Disclaimer- I don't own Castle, Andrew Marlowe does. Please don't sue me for writing this story! Just having fun playing in the Castle Sandbox! Errors corrected, but I do not have a beta reader, so there's probably typos and dropped words (my apologies). I am not getting into the fandom and making friends for a reason; all my experiences with fandom in the past have brought me friends and some great charity work, but at the same time, incredibly gross and unappealing drama (like having my account hacked. Nice job, right?). I actually had my life threatened by someone once (are you kidding me? It's only fanfiction!). I am never going to fall into that trap again. It's not worth it at all. But the nice people who've reviewed the prequel to this story, I do appreciate you! Thank you!


I spent a lot of my time on the fire escape to escape all the roaches and rats that seemed to infest my place. It got to the point that I didn't keep food in the kitchen cabinets, although I loved cooking. One night, my upstairs neighbor came down and started spluttering in her language, which I had figured out was Estonian, and shoved something in my direction.

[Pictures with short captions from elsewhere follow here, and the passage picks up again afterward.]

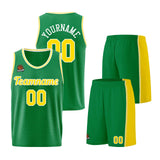 Custom Kelly Green Yellow Basketball Jersey for Men Women Adult Youth Stitched Name Number Logo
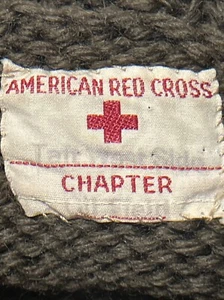Calidad de museo Segunda Guerra Mundial Cruz Roja Americana 100 % lana tejida a mano verde militar - Imagen 1 de 15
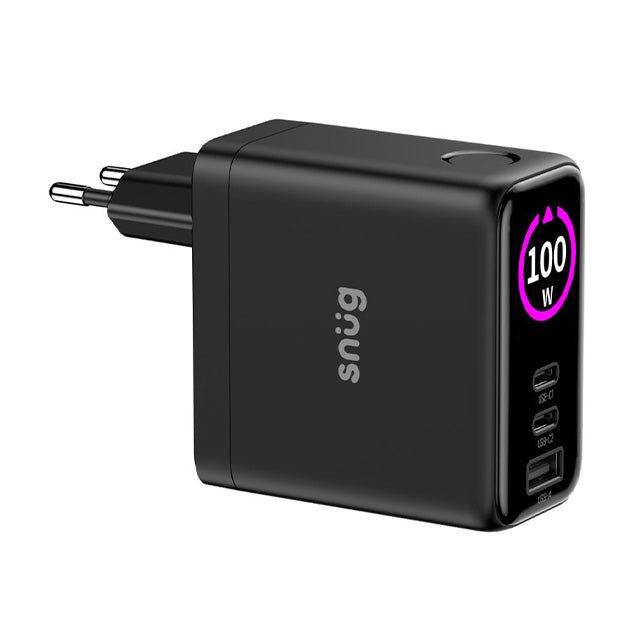 Snug Elite 3 Port GaN 100W Max Digital Display Wall Charger With USB-C Cable - Black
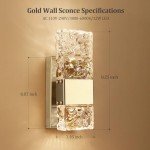 Gold Crystal Wall Sconces with Remote Control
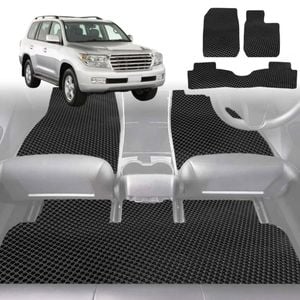 6D Diamond Car Floor Mats for Toyota LandCruiser 100 1998-2007-Full Set-Black-Outback GT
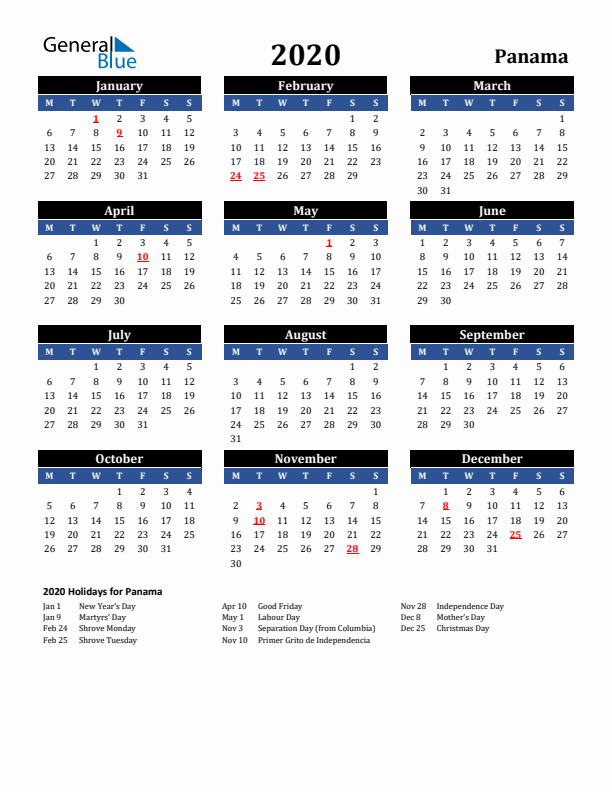 2020 Panama Holiday Calendar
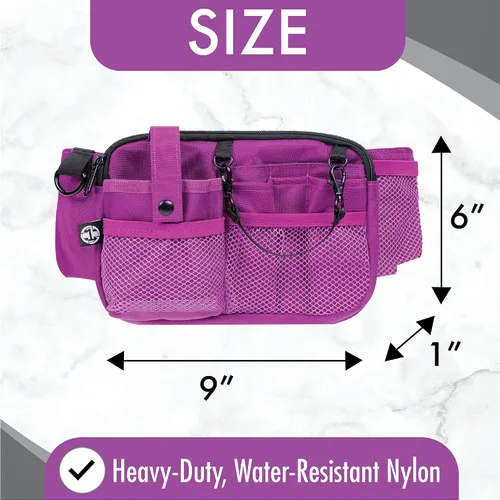 Miniatura 21 de First Lifesaver Riñonera para enfermera con múltiples compartimentos y soporte de cinta para enfermeras y estudiantes de enfermería, Negro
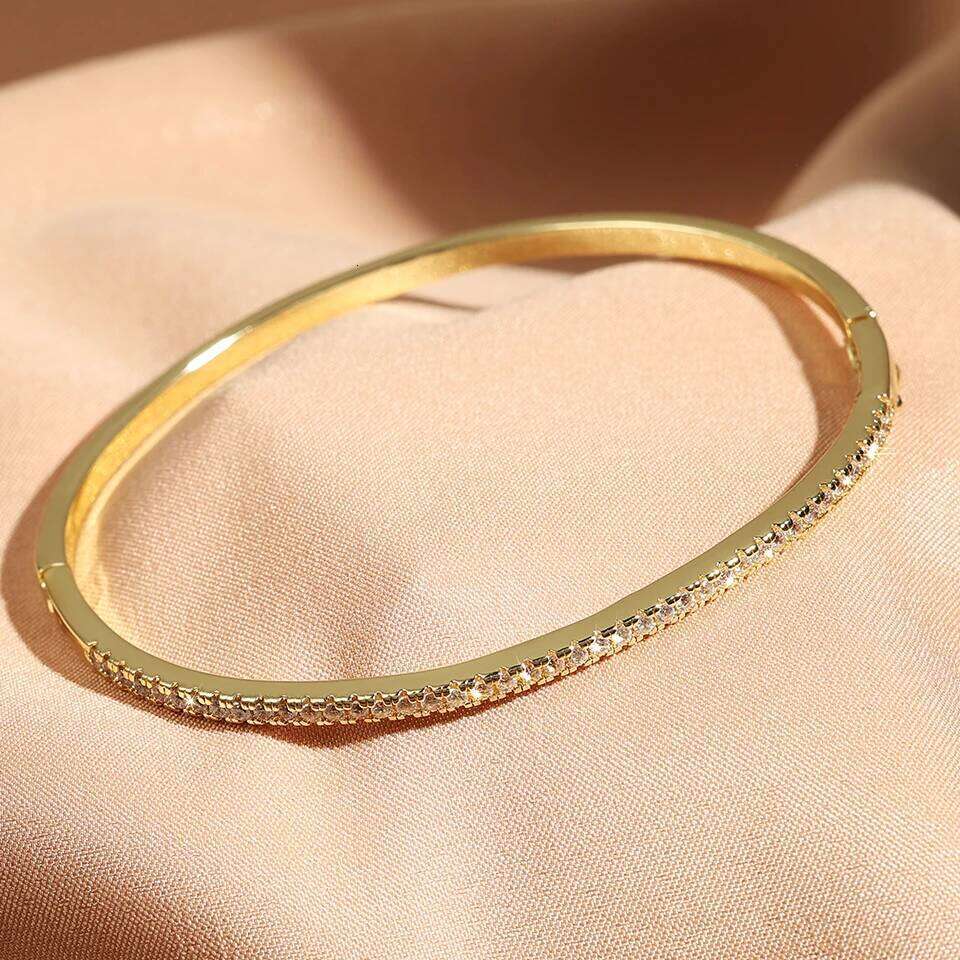 TrendMen Trendy Round Zirconia Tennis Bangles For Men Women Fashion Gold Color Crystal Wristlet Jewelry Gifts Party Bracelets XJ260127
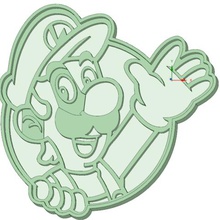 luigi cookie cutter tool biscuit crackers 3d print model - Mito3D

It was small and furry, and I realized it was a kitten.

"You want me to take this?" I asked.

She said a few more things in Estonian and shoved the poor kitten in my direction as well. I accepted it and she shook a finger at me as she told me something, and then climbed back up the fire escape.

"I can't... I can't afford a cat!" I cried.

She looked at me through the grating and said something else, then climbed back into the window.

The little kitten meolwed at me and looked at me with watery blue eyes.

"So I guess it's just you and me," I said. "Maybe she's giving you to me so you can help out with the rats and roaches?"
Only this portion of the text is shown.